Страшно это, чудовищно – встретить абсолютного дублера. Как об зеркало с размаху до крови треснуться.
Это его, Иванова, тайная ставка в этой игре. И чуял он, что обработали майора буквы-молоточки, простучали по перепонкам, суставам, косточкам и связкам, и майор обращен, покорен, хоть и не знает этого.
…А вскоре он набирал номер, что написал ему на бумажке Демянин, из телефона-автомата на Покровке. Дело знакомое: еще недавно он звонил так в шутку первой красавице курса, представляясь влюбленным растяпой Костиком. Голос Костика он знал. Новый голос, которым предстояло сказать несколько слов, Демянин прокрутил ему в хорошей магнитофонной записи. И выдал завернутую в вощеную бумагу колбаску двухкопеечных, чистеньких, голеньких, только что с Монетного двора. Иванов улыбнулся этой ничтожной бухгалтерской серьезности – и дешевизне человеческих судеб. Две копейки – коробок спичек. Две копейки – пачка анальгина. Две копейки – пулька в тире. Две копейки – почтовый конверт. Две копейки проглатывает телефон-автомат, щелк, гудок, гудок, гудок, гудок, потом спокойный голос:
– Алло.
Иванов говорит своим-чужим:
– Привет! Приходи в восемь. Приноси, что договаривались. До вечера.
И кладет трубку.
Именно так, “что договаривались”, не совсем грамматически точно. Две копеечки фраза. У него осталось еще сорок девять монеток.
Потом его возили в институт за городом, записывали на магнитофоны, заставляли, повторяя чужие голоса, говорить громко и глухо, шепотом и полушепотом, стонать, выть, рыдать, кричать, заикаться. Тут и выяснилось, что все он может воссоздать – кроме пения. Петь чужим голосом он не может. Связки не тянут.
Там же его изучали графологи, мастера поддельных почерков, маэстро начертаний, специалисты смыслов и интонаций, – чья работа имитировать не только почерк, но речевой лад, языковой портрет. Они-то и выявили второй его дар: письменный.
И сошлись в битве теоретиков: что первично, что вторично – звук или буква. Он молчал, притворившись невежей, хотя знал про себя, что буква первична, буквы вколотила в него бабушка, буквы, буквы, буквы, буквами он был одержим.

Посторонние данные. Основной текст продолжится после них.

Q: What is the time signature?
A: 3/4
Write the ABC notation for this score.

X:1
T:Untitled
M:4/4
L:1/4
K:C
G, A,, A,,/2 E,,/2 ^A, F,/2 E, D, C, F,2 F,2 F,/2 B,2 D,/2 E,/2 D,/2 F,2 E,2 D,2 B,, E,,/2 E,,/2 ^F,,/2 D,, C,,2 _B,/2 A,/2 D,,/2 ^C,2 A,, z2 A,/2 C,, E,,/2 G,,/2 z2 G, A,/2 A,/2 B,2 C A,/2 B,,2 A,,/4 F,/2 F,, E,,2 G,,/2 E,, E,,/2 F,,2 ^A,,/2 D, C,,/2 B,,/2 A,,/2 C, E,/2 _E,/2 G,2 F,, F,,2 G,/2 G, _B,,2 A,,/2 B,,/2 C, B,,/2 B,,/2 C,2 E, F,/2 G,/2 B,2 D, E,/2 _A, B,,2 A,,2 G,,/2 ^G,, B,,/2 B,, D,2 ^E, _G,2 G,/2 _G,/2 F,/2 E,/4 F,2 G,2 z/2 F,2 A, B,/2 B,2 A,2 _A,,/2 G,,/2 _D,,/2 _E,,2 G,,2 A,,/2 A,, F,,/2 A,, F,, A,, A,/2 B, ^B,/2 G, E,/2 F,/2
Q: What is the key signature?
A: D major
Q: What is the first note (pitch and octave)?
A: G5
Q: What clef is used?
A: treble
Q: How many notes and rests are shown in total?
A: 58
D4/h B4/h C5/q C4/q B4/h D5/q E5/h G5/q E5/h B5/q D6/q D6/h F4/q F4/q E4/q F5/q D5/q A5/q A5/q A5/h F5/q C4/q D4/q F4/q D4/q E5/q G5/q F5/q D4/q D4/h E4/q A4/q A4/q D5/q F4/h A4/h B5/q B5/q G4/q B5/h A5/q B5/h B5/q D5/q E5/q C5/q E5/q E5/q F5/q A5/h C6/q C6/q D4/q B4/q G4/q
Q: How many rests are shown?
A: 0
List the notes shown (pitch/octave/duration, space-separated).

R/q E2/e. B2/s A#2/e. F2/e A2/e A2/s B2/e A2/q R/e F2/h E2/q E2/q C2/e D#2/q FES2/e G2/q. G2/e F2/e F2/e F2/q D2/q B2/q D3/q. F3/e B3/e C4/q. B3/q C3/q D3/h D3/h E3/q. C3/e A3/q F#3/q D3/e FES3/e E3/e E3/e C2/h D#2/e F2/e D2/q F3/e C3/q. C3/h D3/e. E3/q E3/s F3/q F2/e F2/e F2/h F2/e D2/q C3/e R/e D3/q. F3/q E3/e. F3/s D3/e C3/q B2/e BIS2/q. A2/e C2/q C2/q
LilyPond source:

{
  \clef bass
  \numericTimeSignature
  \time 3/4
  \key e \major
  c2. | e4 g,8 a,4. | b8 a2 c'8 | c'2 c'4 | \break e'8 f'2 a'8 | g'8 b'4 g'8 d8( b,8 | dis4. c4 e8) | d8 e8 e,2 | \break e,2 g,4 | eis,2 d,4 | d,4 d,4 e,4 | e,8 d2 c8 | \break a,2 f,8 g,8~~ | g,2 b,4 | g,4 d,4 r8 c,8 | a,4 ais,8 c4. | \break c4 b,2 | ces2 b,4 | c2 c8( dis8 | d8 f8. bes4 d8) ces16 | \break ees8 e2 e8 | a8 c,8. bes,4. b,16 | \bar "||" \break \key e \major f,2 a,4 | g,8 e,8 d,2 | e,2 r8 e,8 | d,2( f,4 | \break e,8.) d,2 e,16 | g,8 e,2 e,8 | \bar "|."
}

А звук – в его случае – вторичен. Хотя исторически звук был раньше знака.
Так началась новая жизнь.
Официально он, по примеру бабушки, поступил в аспирантуру и корпел на факультете, писал диссертацию. Но порой его приглашали – сказать несколько отрепетированных слов в трубку. Или написать абзац-другой на выбранном техниками, драматургически уместном для запланированной мизансцены листе бумаги.
Листы менялись: то разлинованный из блокнота, то газетный обрывок, то бланк какой-нибудь. Слова менялись: исповеди, обвинения, признания, предсмертные прощания. Он разворачивал линии судеб, менял биографии – и чувствовал свою гармоничную невиновность, натуральное алиби.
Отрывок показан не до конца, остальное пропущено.